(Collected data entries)

···

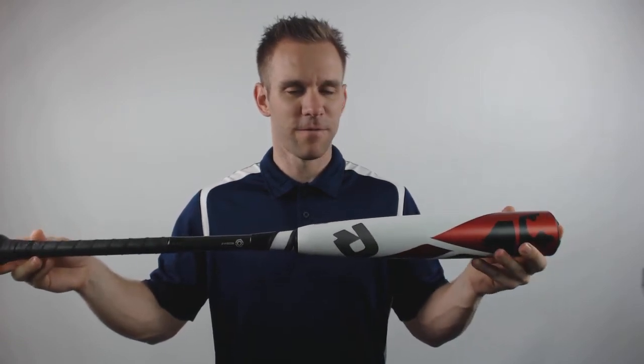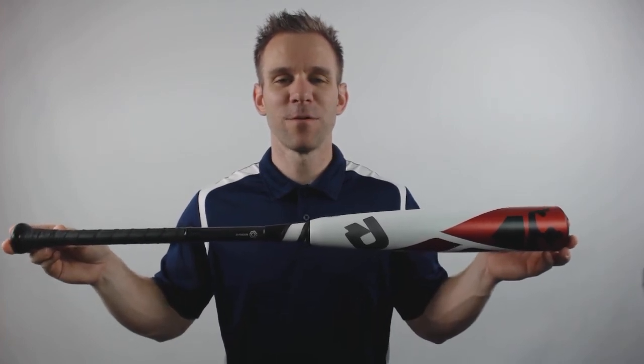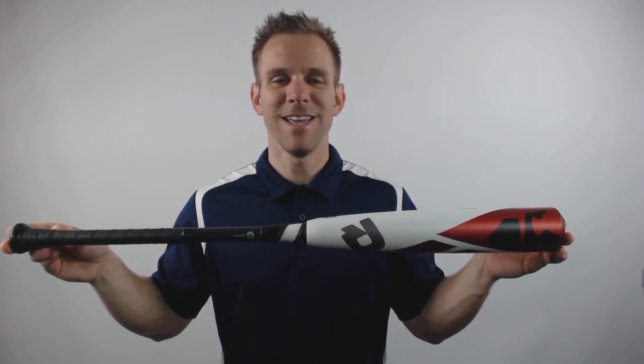Going along to the barrel, it's going to feature the new Paraflex composite design for max performance, feel, and durability. To pick up this bat from DeMarini, go to JustBats.com where the shipping is always free. And remember, we're here from click to hit.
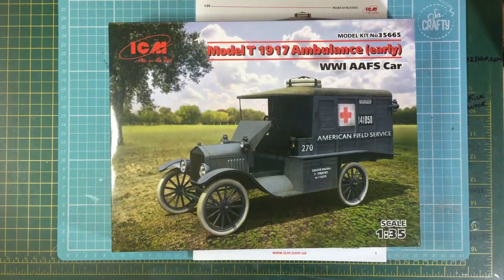Right now we're going to start on a build review of this lovely little ICM kit — this ambulance — which I've already done an inbox review for. If you look back on my channel you'll see the inbox review for this one. At the same time I did an inbox review for the Copper State Models Lanchester armoured car, which is a gorgeous little kit as well. This kit has a lot of parts you don't use, which you'll see in a moment in the instructions — probably enough parts to make another rear end of another ambulance if you want.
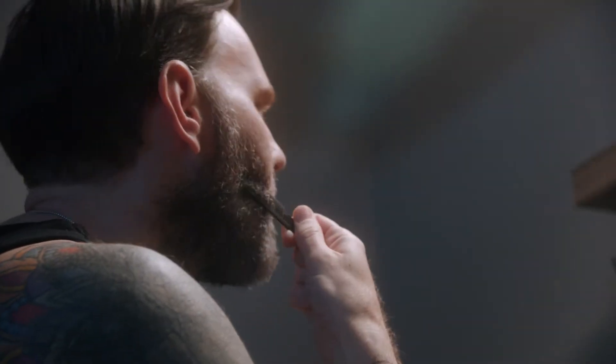Preparation is key when it comes to achieving a well-groomed beard. Comb through the beard to expose every hair to help create a better shape.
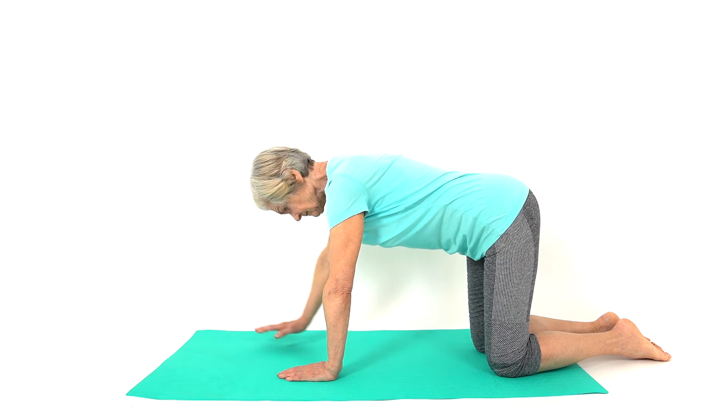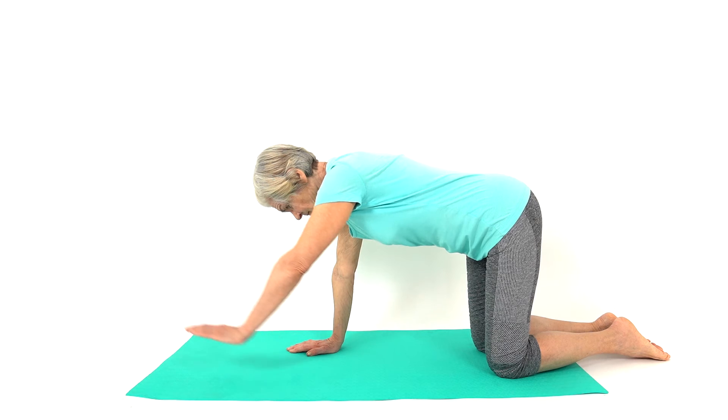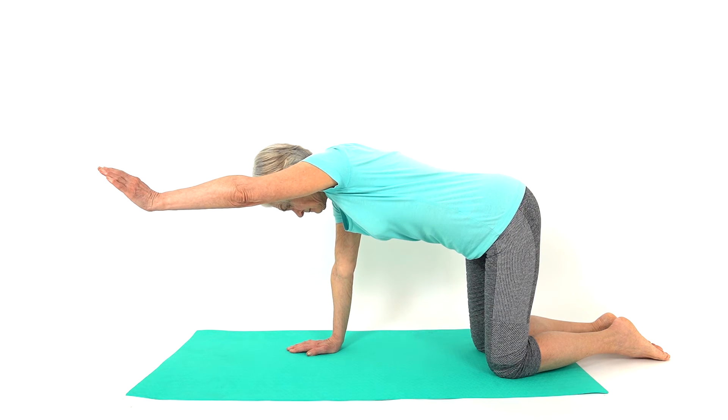This is a great core stability and core control exercise to work the abdominal muscles.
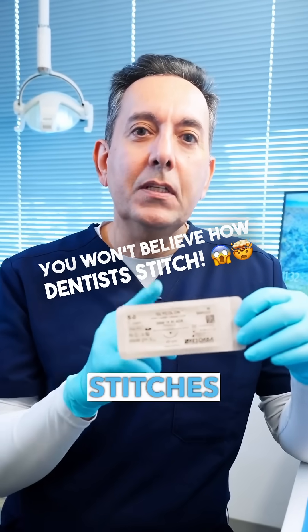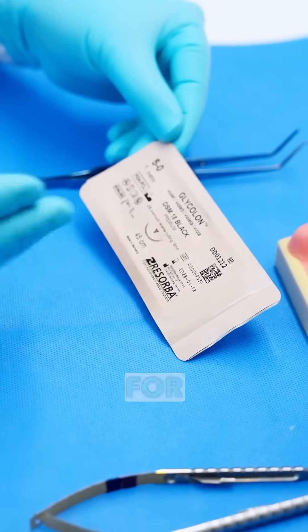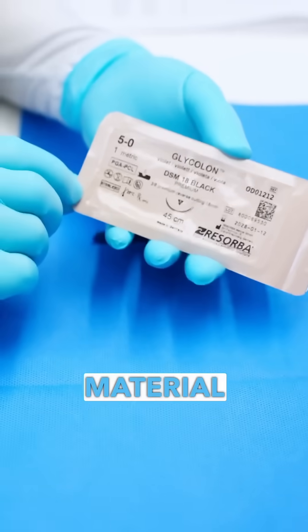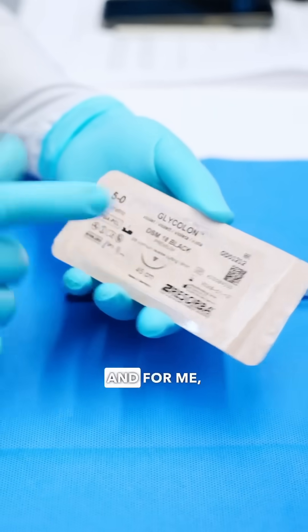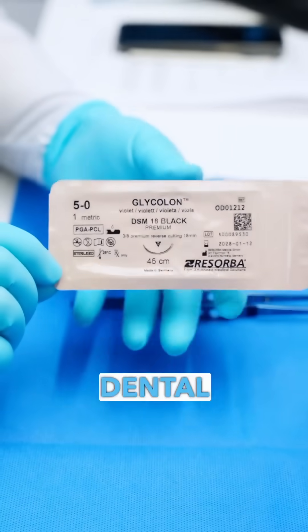If you're curious about how we use stitches to close up wounds in the mouth, let me show you how. The medical term for stitches are sutures, and using the right suture material is extremely important. For me, this is the best suture material that's on the market for dental work.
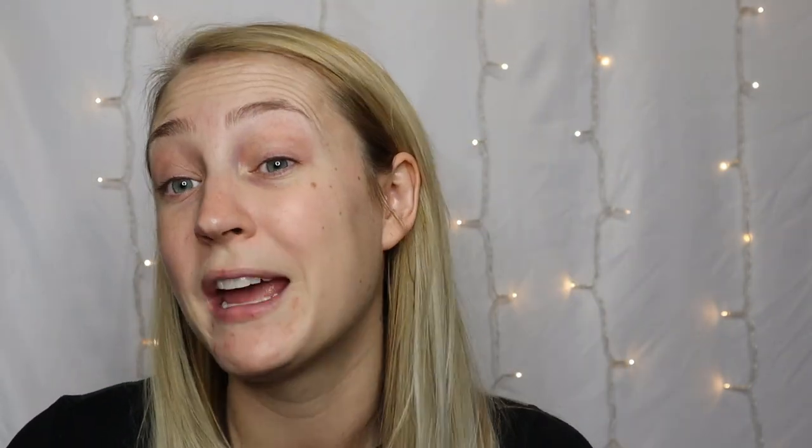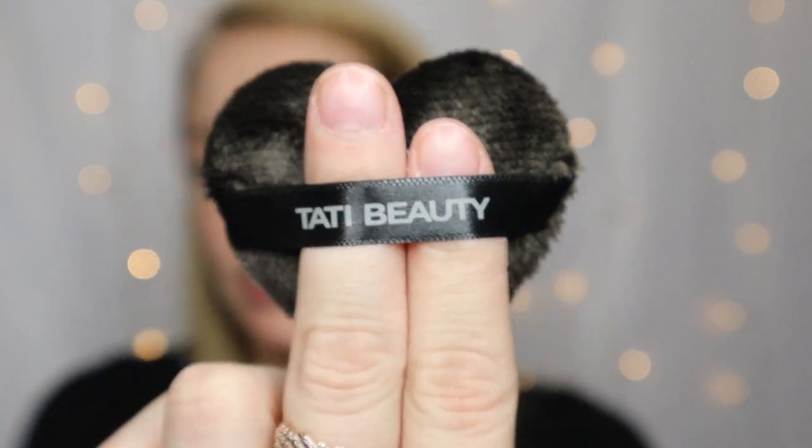So you get one larger triangle guitar pick-looking shape. This one is supposed to be for your primer, your foundation — you can use it for concealer, setting powder, and contour. And then you've also got this little heart-shaped one. They all have these little ribbons for you to stick your fingers in so it's easier to hold, so that you're not touching this side of it. The little heart one is supposed to be for highlight, or when you need a smaller edge, or even throughout the day just to do touch-ups.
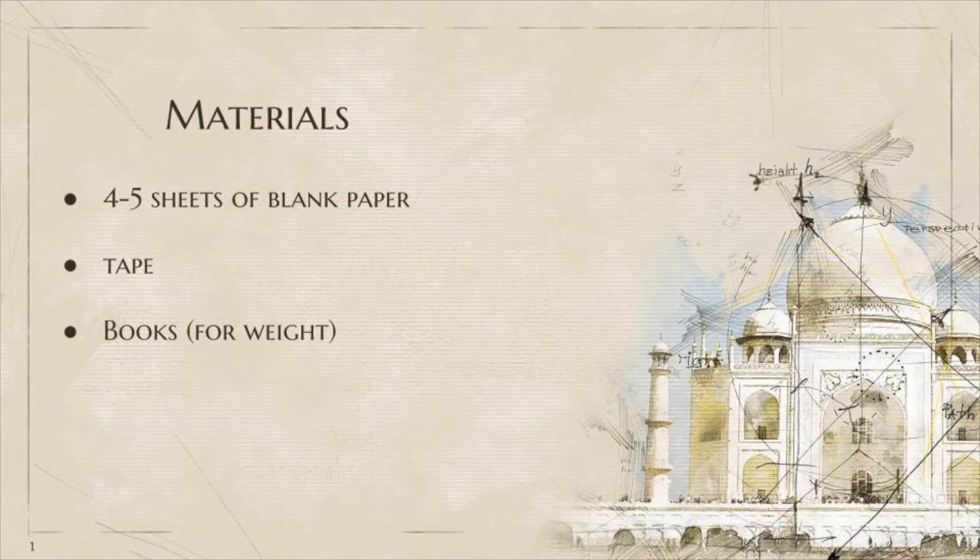Before we start with the experiments, you'll just need some simple materials. You will need four to five sheets of paper, tape, and some books. Pause the video and grab these things if you can.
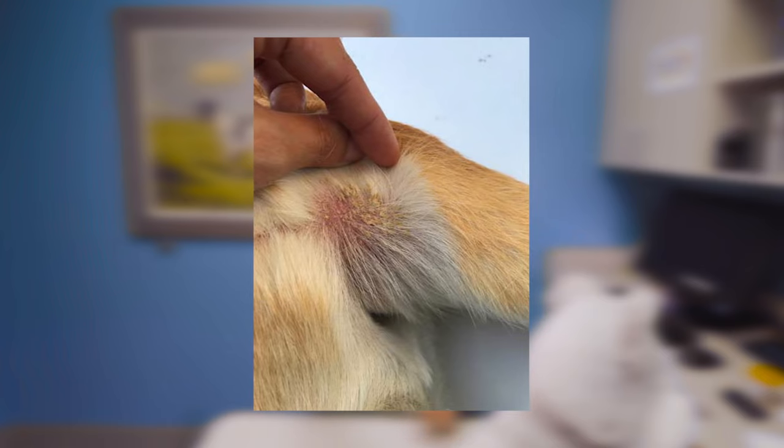Lastly, after removing the tick, you will see maybe just a little bit of an area that's red or slightly inflamed where the tick was actually attached to your pet's skin. You can just gently clean that with a little bit of soap and water. No topical ointments necessary.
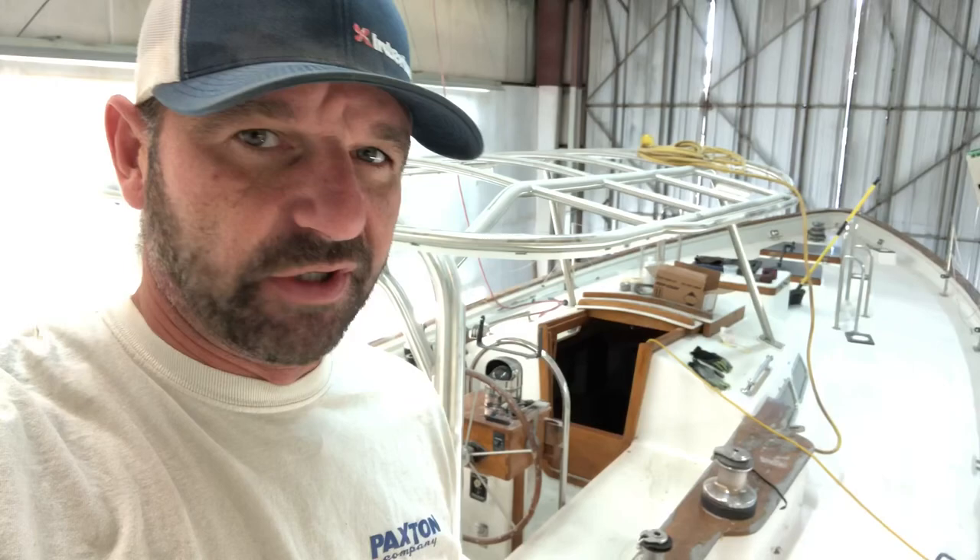Since the hull was on hold, there's no reason for me to proceed with that right now. I'm going to get the deck caught up to speed, so I'm gonna get to unbolting and I'll catch y'all soon.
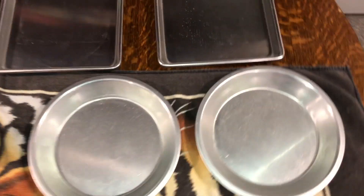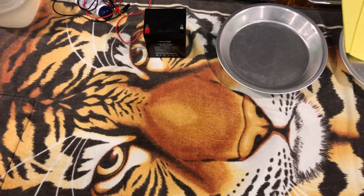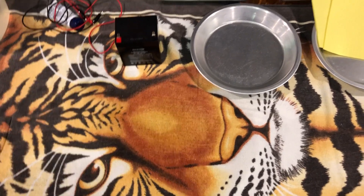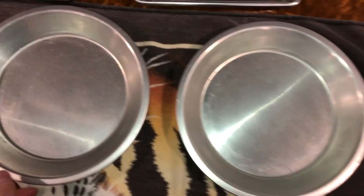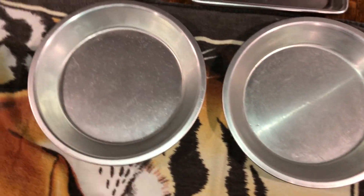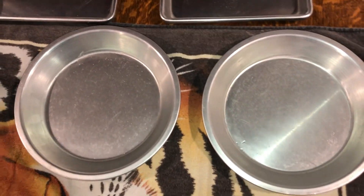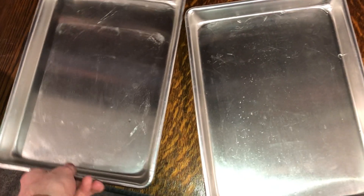I'm gonna get right to it and show you how to make your iontophoresis kit for hyperhidrosis. I'll show you everything you need first, then take you through step by step. You're gonna need two aluminum pans — these are just pie pans, anything that will conduct electricity. These two aluminum baking sheets or trays work really well for your feet.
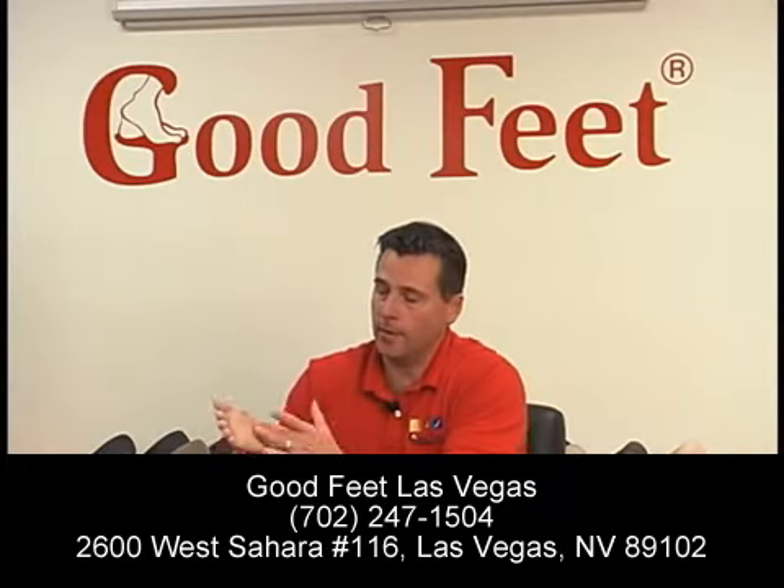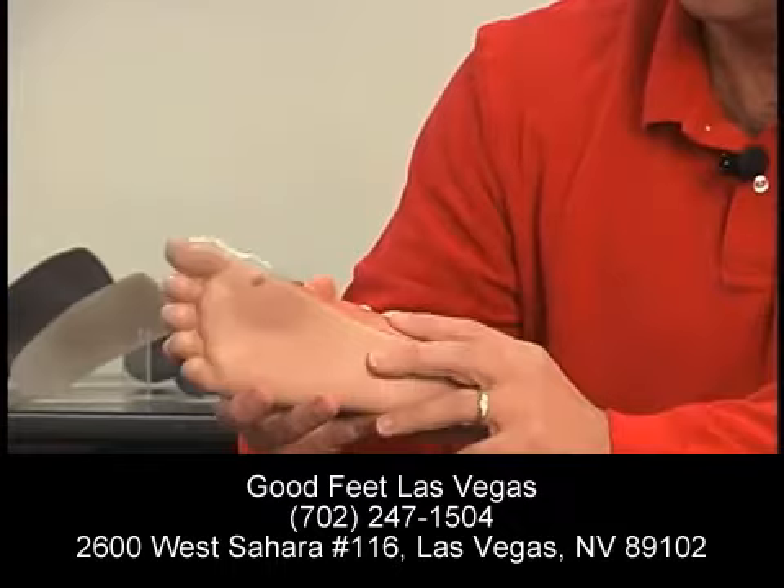Hi, I'm Dino Hand with Good Feet, your arch support store, here to talk a little bit about metatarsal foot pain. First, let's identify the part of the foot that we're talking about. Most people recognize it as the ball of the foot. Right underneath the ball of the foot, there's a little indent there called the metatarsal area.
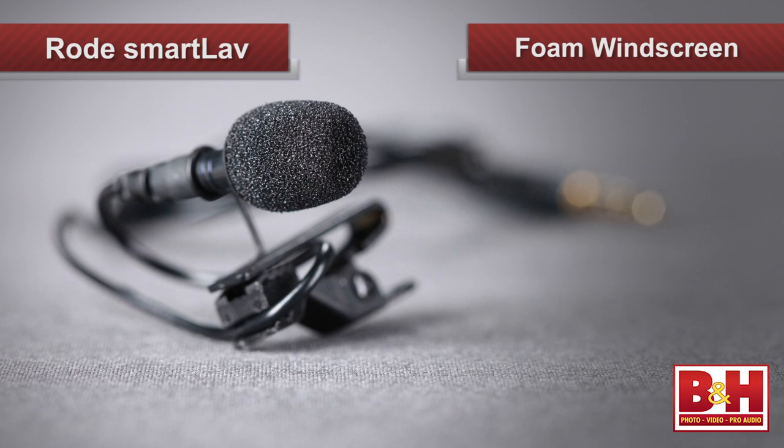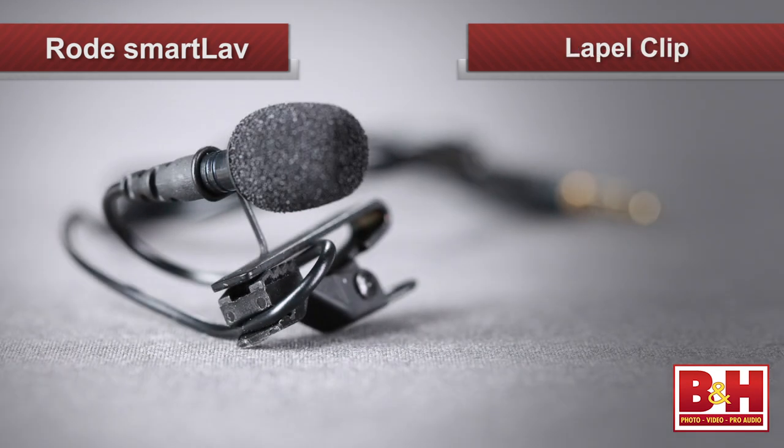The foam windscreen is supplied with the mic, and that helps to cut down on both wind noise and plosives, like you'll get from P, T, and B sounds. Also supplied is the lapel clip, which obviously attaches the mic to clothing, and features a cable clip to help keep the cable in place to minimize handling noise and reduce cable strain.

···

What the task asks:
For this exercise, set down the lines in the entries above from the one with "Lastly, after removing" through the one with "I'm gonna get right" exactly as written, without any pictures.

Response to this task:
Lastly, after removing the tick, you will see maybe just a little bit of an area that's red or slightly inflamed where the tick was actually attached to your pet's skin. You can just gently clean that with a little bit of soap and water. No topical ointments necessary.
Since the hull was on hold, there's no reason for me to proceed with that right now. I'm going to get the deck caught up to speed, so I'm gonna get to unbolting and I'll catch y'all soon.
I'm gonna get right to it and show you how to make your iontophoresis kit for hyperhidrosis. I'll show you everything you need first, then take you through step by step. You're gonna need two aluminum pans — these are just pie pans, anything that will conduct electricity. These two aluminum baking sheets or trays work really well for your feet.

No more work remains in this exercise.